Implementation of the feature was an indicator of success or failure of the new design. If development of the feature works out, then the new design is good enough to move forward with. If it doesn’t, then we fail early and save the effort of a major rewrite and a cost of a big failure.

I think, we did well. SkuVault team demonstrated WavePicking at Catalyst 2015, and soon this feature will be available to all customers. Benefits of the new design will come forth in the next quarters of 2015.

Interactive WavePicking in SkuVault

Major thanks go to:

  • Slav Ivanyuk - for managing the process and doing all super-helpful code reviews
  • Chris Witt - for picking up ReactJS/Flux and doing all the work in UIv2
  • Jason Henson - for helping with the demo setup, testing and deployment

Feature design was driven by SkuVault experts, who had to do a very complex job of identifying the feature essence and figuring out which parts would need to make it into MVP: Andy Eastes, Slav Ivanyuk and Danny Shaw.

In order to prepare path for Interactive WavePicking we had to:

  • Design and implement a new infrastructure for the next UI version and backend with APIs.
  • Provide a way to integrate v2 with v1 in various environments: production, where we have more than 20GBs of events coming at high throughput, QA with auto-deployable backend and demo with in-memory backend hosted inside IIS process.
  • Figure out an approach for gradual migration of all existing features from v1 to v2.
  • Figure out a way to improve testability, scalability in new design, while making it easier to develop and learn.

So here is what we achieved so far.

New Infrastructure

If we forget about integration with v1 code, the new infrastructure is quite simple.

Backend is a collection of .NET modules with an API (JSON over HTTP, provided by NancyFx).

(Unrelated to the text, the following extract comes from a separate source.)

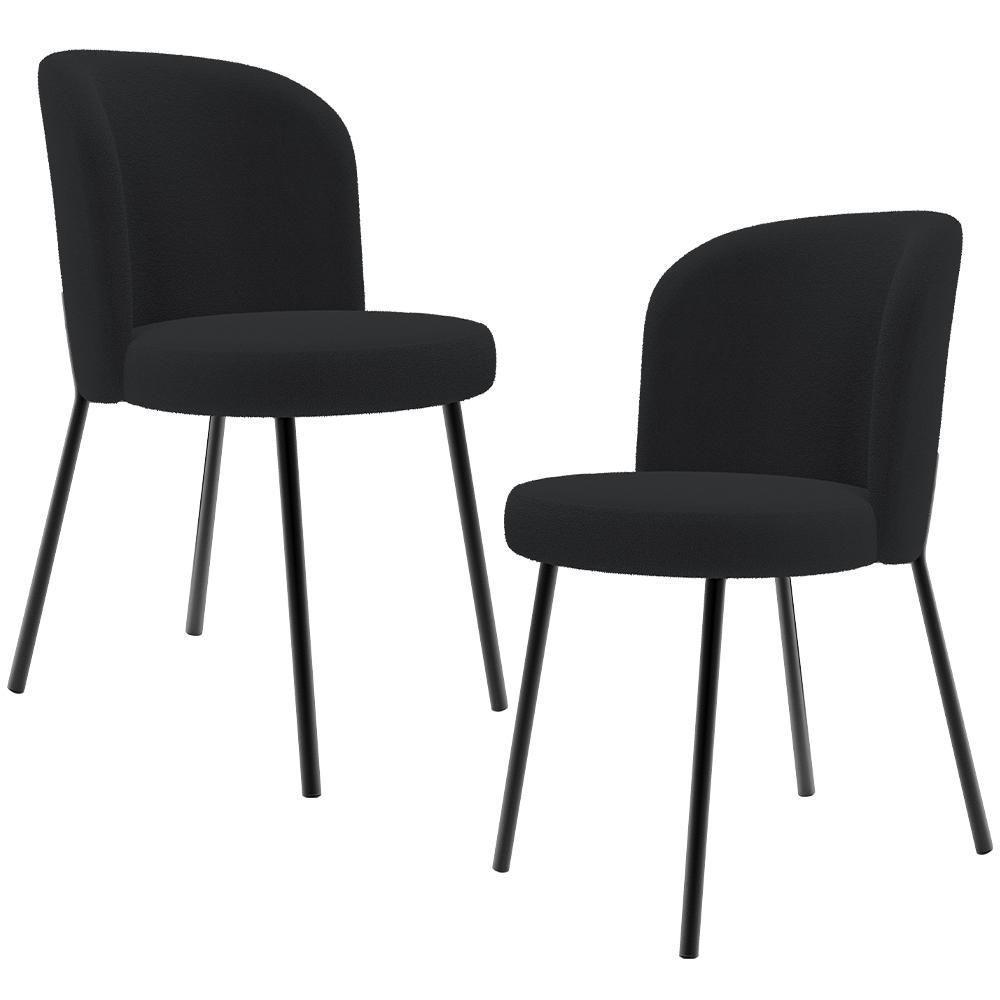 Kit 2 Cadeiras Sala De Jantar Estofada Gavi L02 Bouclê Preto - Lyam Decor - 1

Each module can subscribe to events and publish events (async, batched). Modules behaviour can be captured in use cases, which are then applied to verify the correctness of the implementation.

Middleware to pass events between modules and also from v1 to v2 is MessageVault (available on github). It is a simple Kafka-inspired event bus, which uses Windows Azure to maintain a highly-available transaction log. Reads are served by Windows Azure storage (via a .NET client library), while writes are handled by a cluster of worker roles (master election is done via Azure blob locks).

SkuVault Middleware

Front-end in v2 is an absolute pleasure to work with. Previous version is a single project based on ASP.NET MVC with AngularJS and Lokad.CQRS client libraries. New version is a collection of single-page web applications (one web app per major feature), which are statically compiled into JS and CSS bundles. These apps are stateless (web server simply serves the content) and get all data directly from backend API.

Internally we chose to use ReactJS with Fluxible, since that was the stack we had arrived at during HappyPancake. This software design is backed up by the work done at Facebook and Instagram (it is always good to stand on the shoulders of giants).

Chris Witt jumped right into the development process and tackled the UI side of feature development since then. He did a very good job.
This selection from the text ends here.